I looked into it in more detail back then. Sixaxis sensors produced a very shaky output that needed a lot if averaging and interpolation for accurate tilt, and lateral movement was very laggy. You can probably still get some nice graphs on PC of the Sixaxis sensor output. Nevertheless tilt worked pretty well and you could adjust to the lag, but these new sensors are Move level and really a lot better.
If there's a hardware level latency advantage (less smoothing needed) then that would improve things where they were an issue last gen. AFAIK no-one's gotten DS4 motion working on PC yet to compare.

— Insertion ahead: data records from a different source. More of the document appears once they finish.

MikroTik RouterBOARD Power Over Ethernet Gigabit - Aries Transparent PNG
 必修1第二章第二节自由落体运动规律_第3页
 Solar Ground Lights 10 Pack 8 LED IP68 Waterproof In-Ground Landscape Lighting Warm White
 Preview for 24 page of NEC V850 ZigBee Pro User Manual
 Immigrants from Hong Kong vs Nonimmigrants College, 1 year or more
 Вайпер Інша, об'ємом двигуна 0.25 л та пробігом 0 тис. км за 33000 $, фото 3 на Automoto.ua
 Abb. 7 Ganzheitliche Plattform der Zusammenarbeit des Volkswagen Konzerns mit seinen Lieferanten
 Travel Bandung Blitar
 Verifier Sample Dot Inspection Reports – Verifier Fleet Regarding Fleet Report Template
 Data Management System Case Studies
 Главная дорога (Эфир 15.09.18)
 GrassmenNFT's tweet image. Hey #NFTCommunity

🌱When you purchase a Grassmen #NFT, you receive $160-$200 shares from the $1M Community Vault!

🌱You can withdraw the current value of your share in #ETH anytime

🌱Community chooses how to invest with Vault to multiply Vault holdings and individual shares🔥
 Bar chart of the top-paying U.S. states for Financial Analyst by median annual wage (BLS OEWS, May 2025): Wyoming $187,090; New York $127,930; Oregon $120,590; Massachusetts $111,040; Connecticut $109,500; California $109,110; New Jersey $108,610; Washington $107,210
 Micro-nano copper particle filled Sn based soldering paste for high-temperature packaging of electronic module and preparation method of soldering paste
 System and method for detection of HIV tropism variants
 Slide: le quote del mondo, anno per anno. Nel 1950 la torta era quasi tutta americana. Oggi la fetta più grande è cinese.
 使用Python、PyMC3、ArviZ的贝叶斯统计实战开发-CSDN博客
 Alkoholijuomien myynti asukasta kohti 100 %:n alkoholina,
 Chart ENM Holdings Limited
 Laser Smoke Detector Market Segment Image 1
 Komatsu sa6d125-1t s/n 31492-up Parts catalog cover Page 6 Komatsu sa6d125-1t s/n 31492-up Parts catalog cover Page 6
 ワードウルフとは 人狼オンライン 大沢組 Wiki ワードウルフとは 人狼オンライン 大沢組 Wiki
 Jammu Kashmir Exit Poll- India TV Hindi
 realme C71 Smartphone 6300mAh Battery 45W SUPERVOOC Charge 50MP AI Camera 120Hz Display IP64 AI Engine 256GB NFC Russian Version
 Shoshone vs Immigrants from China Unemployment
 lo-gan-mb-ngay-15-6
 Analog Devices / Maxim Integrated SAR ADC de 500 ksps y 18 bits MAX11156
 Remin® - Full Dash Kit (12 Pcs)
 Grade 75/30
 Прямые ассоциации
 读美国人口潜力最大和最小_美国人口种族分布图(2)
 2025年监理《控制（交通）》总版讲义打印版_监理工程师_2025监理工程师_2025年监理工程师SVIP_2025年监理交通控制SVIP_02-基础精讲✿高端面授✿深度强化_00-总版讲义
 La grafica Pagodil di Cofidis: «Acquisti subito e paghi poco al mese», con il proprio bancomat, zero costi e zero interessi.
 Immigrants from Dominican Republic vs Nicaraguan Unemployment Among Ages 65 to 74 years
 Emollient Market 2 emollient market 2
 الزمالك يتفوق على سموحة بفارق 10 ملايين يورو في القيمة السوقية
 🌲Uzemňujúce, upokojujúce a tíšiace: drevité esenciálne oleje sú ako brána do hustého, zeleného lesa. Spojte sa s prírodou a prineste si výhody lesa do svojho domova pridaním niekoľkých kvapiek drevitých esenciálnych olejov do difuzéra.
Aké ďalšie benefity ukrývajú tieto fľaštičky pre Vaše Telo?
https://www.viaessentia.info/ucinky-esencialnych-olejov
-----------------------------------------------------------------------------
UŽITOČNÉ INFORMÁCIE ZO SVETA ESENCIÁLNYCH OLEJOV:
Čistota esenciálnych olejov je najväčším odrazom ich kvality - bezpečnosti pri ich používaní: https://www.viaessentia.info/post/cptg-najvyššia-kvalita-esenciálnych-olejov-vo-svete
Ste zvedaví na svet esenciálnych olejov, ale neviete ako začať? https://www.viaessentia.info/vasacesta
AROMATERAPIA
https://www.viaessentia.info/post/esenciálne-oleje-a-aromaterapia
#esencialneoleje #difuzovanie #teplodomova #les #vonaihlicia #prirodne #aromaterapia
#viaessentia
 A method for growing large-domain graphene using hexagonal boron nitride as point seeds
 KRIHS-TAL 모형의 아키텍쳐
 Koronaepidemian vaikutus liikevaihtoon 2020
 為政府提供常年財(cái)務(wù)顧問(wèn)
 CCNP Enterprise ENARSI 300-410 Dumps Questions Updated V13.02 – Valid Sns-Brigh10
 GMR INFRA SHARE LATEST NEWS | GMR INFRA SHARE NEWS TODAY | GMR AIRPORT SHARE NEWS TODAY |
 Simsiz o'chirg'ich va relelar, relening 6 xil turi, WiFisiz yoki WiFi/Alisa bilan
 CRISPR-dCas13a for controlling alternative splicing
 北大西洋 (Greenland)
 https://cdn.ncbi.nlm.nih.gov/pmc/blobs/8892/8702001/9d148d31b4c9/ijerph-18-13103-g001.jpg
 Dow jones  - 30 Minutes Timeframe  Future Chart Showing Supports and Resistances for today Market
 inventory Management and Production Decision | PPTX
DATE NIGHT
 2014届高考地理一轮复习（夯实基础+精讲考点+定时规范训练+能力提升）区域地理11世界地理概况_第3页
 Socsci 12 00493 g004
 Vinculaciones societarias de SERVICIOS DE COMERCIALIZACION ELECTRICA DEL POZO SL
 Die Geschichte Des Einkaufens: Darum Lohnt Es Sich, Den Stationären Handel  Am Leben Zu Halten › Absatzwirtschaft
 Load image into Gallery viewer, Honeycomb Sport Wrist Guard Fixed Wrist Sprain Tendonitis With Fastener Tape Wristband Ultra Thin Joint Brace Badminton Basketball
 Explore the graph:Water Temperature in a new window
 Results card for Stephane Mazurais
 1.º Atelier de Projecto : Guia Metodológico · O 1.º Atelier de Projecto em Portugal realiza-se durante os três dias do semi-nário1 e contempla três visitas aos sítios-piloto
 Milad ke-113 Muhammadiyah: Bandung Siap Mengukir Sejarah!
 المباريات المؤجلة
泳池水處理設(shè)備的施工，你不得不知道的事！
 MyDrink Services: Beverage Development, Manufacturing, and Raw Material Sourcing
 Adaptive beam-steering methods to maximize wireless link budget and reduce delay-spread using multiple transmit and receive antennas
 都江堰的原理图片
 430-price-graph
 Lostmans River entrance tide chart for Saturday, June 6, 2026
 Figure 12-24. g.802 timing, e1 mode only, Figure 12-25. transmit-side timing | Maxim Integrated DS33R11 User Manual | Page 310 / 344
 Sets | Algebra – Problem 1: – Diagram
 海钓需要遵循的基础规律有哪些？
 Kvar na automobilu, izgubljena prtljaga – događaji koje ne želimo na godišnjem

It's 7 years between the technology, sensors have advanced a lot between the time that the DS3/Wiimote was made & when the DS4 & WiiU Pad was made. Since then they have been using the sensors in phones, tablets ,cameras & everything so the technology & the tools to use them have advanced a lot between last generation & the new generation.
7 years improvement over something that was already extremely good may result in negligible real-world improvement. I'm not saying it hasn't resulted in any improvement, but just citing the march of progress isn't a great basis for comparing these devices. What are the operating parameters of sixaxis's motion (angular rate-change limits, G limits, noise, sample frequency) and what are the same for DS4? Because if it's a case of sixaxis having high noise and low limits whereas DS4's is low noise and high limits, there'd be a notable improvement, but if sixaxis was already operating within good ranges for normal use, DS4 won't be able to improve on that.
 
But that doesn't answer the question as to whether DS4 will be better or not. If it wasn't a hardware limitation preventing sixaxis being as responsive as you'd like, then DS4 won't provide any better experience. Or at least, not intrinsically, and any better experiences on DS4 will come from software design changes. So when you say, "Judging by the fast response and the accuracy of the DS4's motion controls," in what games is that, and how do they compare with PS3 such that you could be hopeful DS4 will give a more responsive experience?
The sixaxis had limited uses in the examples you mentioned because there was a hardware limitation.
It felt like an extra because of it.

The DS4 is a Move controller only shaped as a normal controller. Already tested. I can attest with certainty that this is whats sixaxis should have been. There is already a game on PSN that shows it.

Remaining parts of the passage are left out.